Schaukelpferd - klappbar [BILDER]

Beitrag von Philipp »


Begonnen hatte mein Plan, ein Schaukelpferd zu bauen, damit, daß ich in einer Gaststätte ein älteres Schaukelpferd stehen sah, daß mich sofort ansprach. Einerseits gefiel mit die schlichte Ausführung, andererseits der Klappmechnismus, der erlaubt, das Schaukelpferd platzsparend zu verschicken oder zu verstauen. Als großer Freund von Faltbooten finde ich an Dingen, die sich verkleinern lassen, schnell Gefallen.

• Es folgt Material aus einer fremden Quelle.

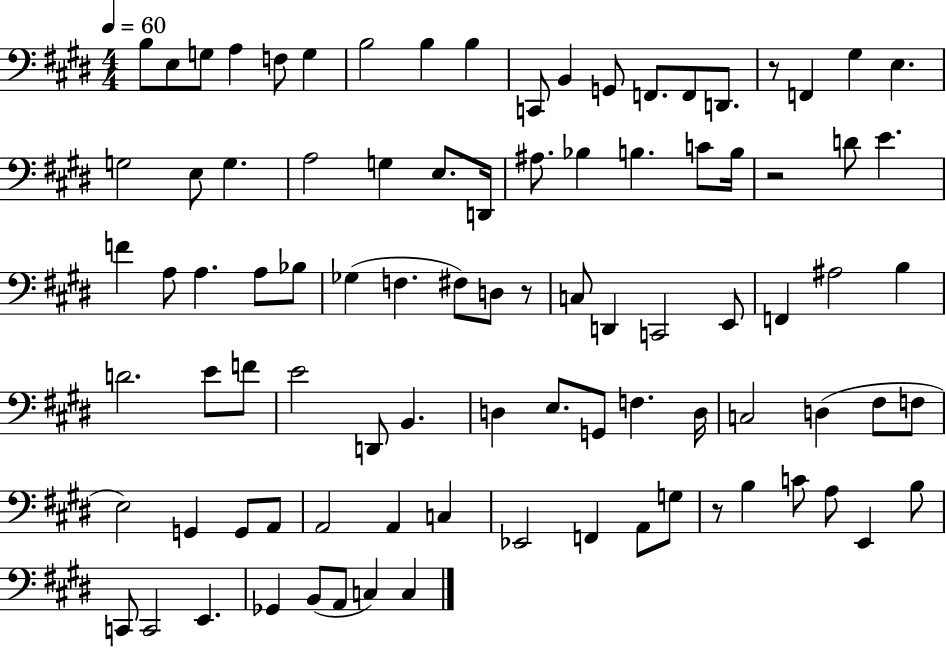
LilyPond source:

{
  \clef bass
  \numericTimeSignature
  \time 4/4
  \key e \major
  \tempo 4 = 60
  b8 e8 g8 a4 f8 g4 | b2 b4 b4 | c,8 b,4 g,8 f,8. f,8 d,8. | r8 f,4 gis4 e4. | \break g2 e8 g4. | a2 g4 e8. d,16 | ais8. bes4 b4. c'8 b16 | r2 d'8 e'4. | \break f'4 a8 a4. a8 bes8 | ges4( f4. fis8) d8 r8 | c8 d,4 c,2 e,8 | f,4 ais2 b4 | \break d'2. e'8 f'8 | e'2 d,8 b,4. | d4 e8. g,8 f4. d16 | c2 d4( fis8 f8 | \break e2) g,4 g,8 a,8 | a,2 a,4 c4 | ees,2 f,4 a,8 g8 | r8 b4 c'8 a8 e,4 b8 | \break c,8 c,2 e,4. | ges,4 b,8( a,8 c4) c4 | \bar "|."
}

Ich fotografierte das Pferdchen und nahm mittels Daumen, Handbreiten und Handspannen Maß. Auf mein Gedächtnis war glücklicherweise noch ausreichend Verlaß, so daß ich danach zu Hause zunächst eine grobe Skizze und später einen etwas genaueren Plan anfertigen konnte. Interessante Lehre zu Beginn für mich: diese Körpermaße sind ungeheuer praktisch und für so manches Projekt auch ausreichend genau. Ich sollte wohl öfters mit solcherlei biometrischen Daten arbeiten.
Die Verwirklichung startete zunächst zügig, dann aber bemerkte ich schnell, daß der Klappmechanismus so einfach auszuführen gar nicht ist, denn der Teufel steckt hier im Detail. Seine Fertigung hat mich mindestens die Hälfte der Zeit gekostet, teilweise auch wegen einiger kleiner Irrwege, die ich gegangen bin.

Und so sieht's nun aus:



Und platzsparend zusammengeklappt:



Die Schwierigkeiten für meine kleine Improvisationswerkstatt waren u.a.:
- das schräge Bohren der Versenkungslöcher für die Querstreben in den Kufen (Forstnerbohrer) erforderte winklige Unterlagen und herausforderndes Zwingen ;-)

;

- Fertigung und Einbau der Gewindebolzen (Selbstbauten aus Messing-Rundmaterial) in die Querstreben und Verschließen der Löcher mit Querholzdübeln (leider mit Brandspuren).
- glücklose Scharniersuche für die Beine. Notwendig wären kräftige Scharniere gewesen, deren Lappen im geschlossenen Zustand dicht aufeinander liegen, um ein Hin- und Herwackeln des Pferdekörpers auf den Kufen zu verhindern. Ich fand aber nur diese klobigen Baumarktscharnieren, deren Lappen nicht dicht schließen. Im Schraubstock wurde dieses Problem so weit es ging mit Gewalt gelöst, aber ein Spalt blieb. Deshalb mußten die Beine noch mit Dübeln gegen ein Verrutschen gegeneinander gesichert werden.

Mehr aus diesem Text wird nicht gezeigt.